A final aspect of keeping work and family separate is the concept of encouraging the next generation to follow their passion. Incoming members must really find themselves and achieve success outside of the family business environment. It’s important to have a sense of grit for one’s achievement and to make sure the family business is a fit.  There are trade offs that must be considered and one’s own true path in life must be honored. I’ve seen many join the family business out of obligation or approval seeking, which only grew into bitterness and depression.  The unconditional love within the family, and trust in each person’s ability to choose their path, must be well established to allow each member to make a true choice.


To create clear boundaries and roles, and to create a healthy emotional environment, families that have good communication skills fare best. Many times, long-standing poor family communication, or lack thereof, naturally bleeds into the business as well. Unfortunately, healthy communication inside families is not necessarily the norm, both in quantity and quality. That is, too many families don’t schedule family meetings, engage in active listening, attack the problem not the person, handle conflict with diplomacy, spend one on one time together, and/or seek counseling.  

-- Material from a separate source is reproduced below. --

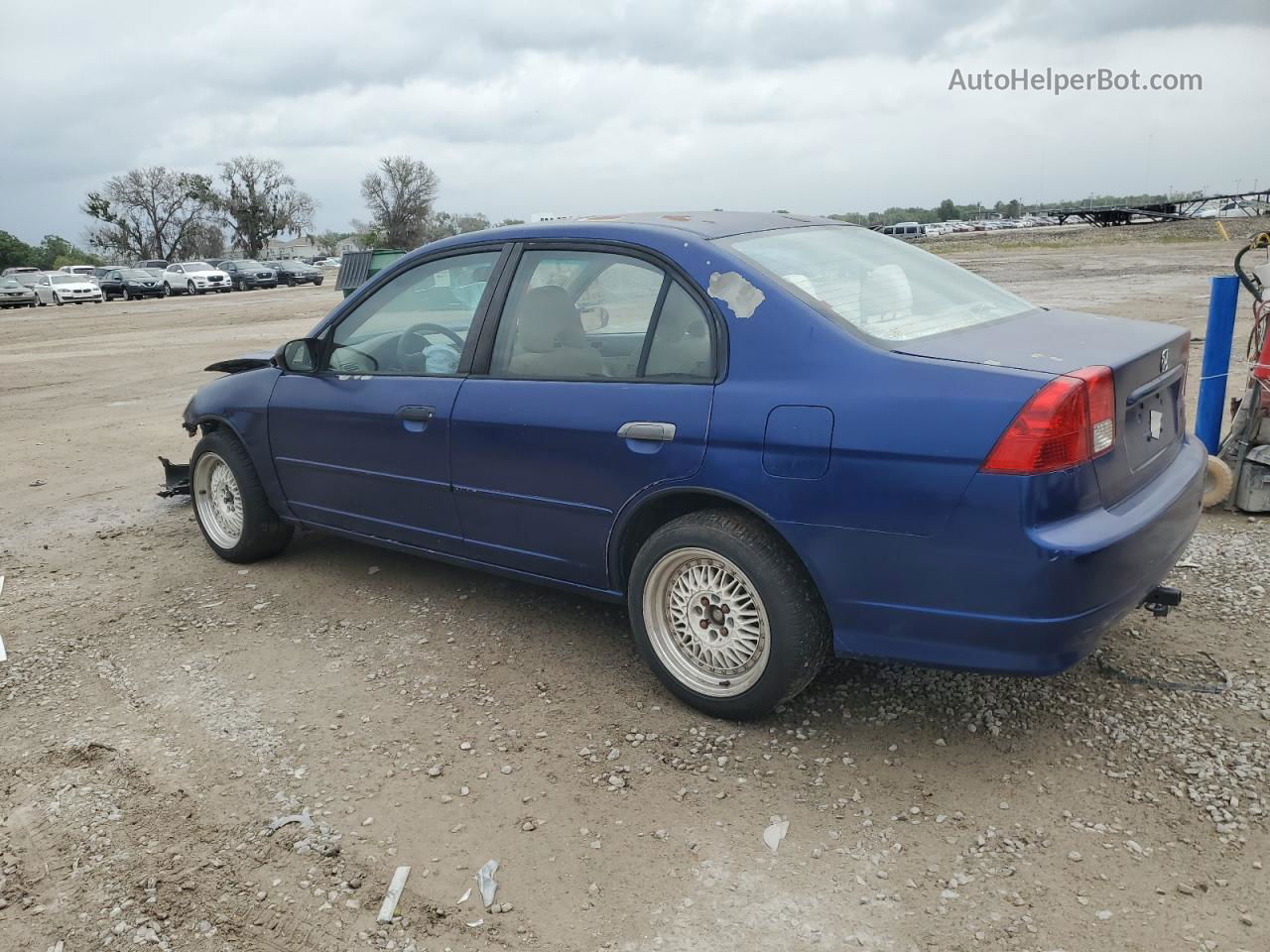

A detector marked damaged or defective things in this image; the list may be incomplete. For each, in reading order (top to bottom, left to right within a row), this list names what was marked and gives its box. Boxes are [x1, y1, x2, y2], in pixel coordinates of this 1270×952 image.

damaged front bumper [158, 456, 190, 498]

This tendency for weak communication in a family makes the urgency even greater for family business owners to create a culture that prioritizes building better and more frequent communication. Typically, it’s recommended for family values to form the foundation of the family business culture. If not already in place, healthy communication, and handling conflict with diplomacy, is one family value that should most definitely be added in. See more on communication in my previous blogs Tricky Conversations with Sensitive People and Transforming Anger into Growth in Our Relationships


Fostering healthy communication, aka managing painful and perpetual conflict, prompts many successful family business owners to seek outside family council. When I say successful, I don’t just mean just fiscally. True prosperity means having it all: thriving business; positive, creative work environment; safe and respectful family and non family relationships; an element of soul in the business valuing giving and unity, versus taking and every man for himself.

One of the biggest mistakes made in family businesses is trying to navigate all facets internally. When moving away from the one tier mom and pop shop and into the next generation(s), outside advisors and consultants can add great value with issues related to finance and strategy, roles, communication, emotional dynamics, entry requirements, recruiting the next generation, compensation, succession planning, divorce, and more. It can be hard to let others in, but objectively wise— and can ease up the jealousy and tendency for members to take things personally.


Family businesses have another system that has great influence on all of the others, and that is they are an emotional system. Emotions are not the problem. In fact, emotions can offer a vital and positive contribution to logic when making decisions best for the long term. But only when a person is self aware. The key is to develop a relationship with our emotions that allows them to be the messengers of our inner truth, rather than in charge of our emotional reactions.

Aggressive, reactive individuals have not developed the pause muscle or learned how to turn inward to sit with and understand what they’re really feeling and why. Rather the tendency is to react outwardly to try and fix a painful emotion instantly. We all have emotionally reactive tendencies and these can certainly become triggered in family business dynamics.  All the more reason why investing in greater emotional intelligence, (i.e., greater self-awareness, self-acceptance, self-regulation; empathy with others, listening skills, and emotional diplomacy) should become a top priority, for families and for family business success. True prosperity, especially for a healthy family business, requires working from the inside out.


Hilbert-Davis, Jane and Dyer, W.Gibb, Jr.  (2003), Consulting to Family Business. John Wiley & Sons, Inc.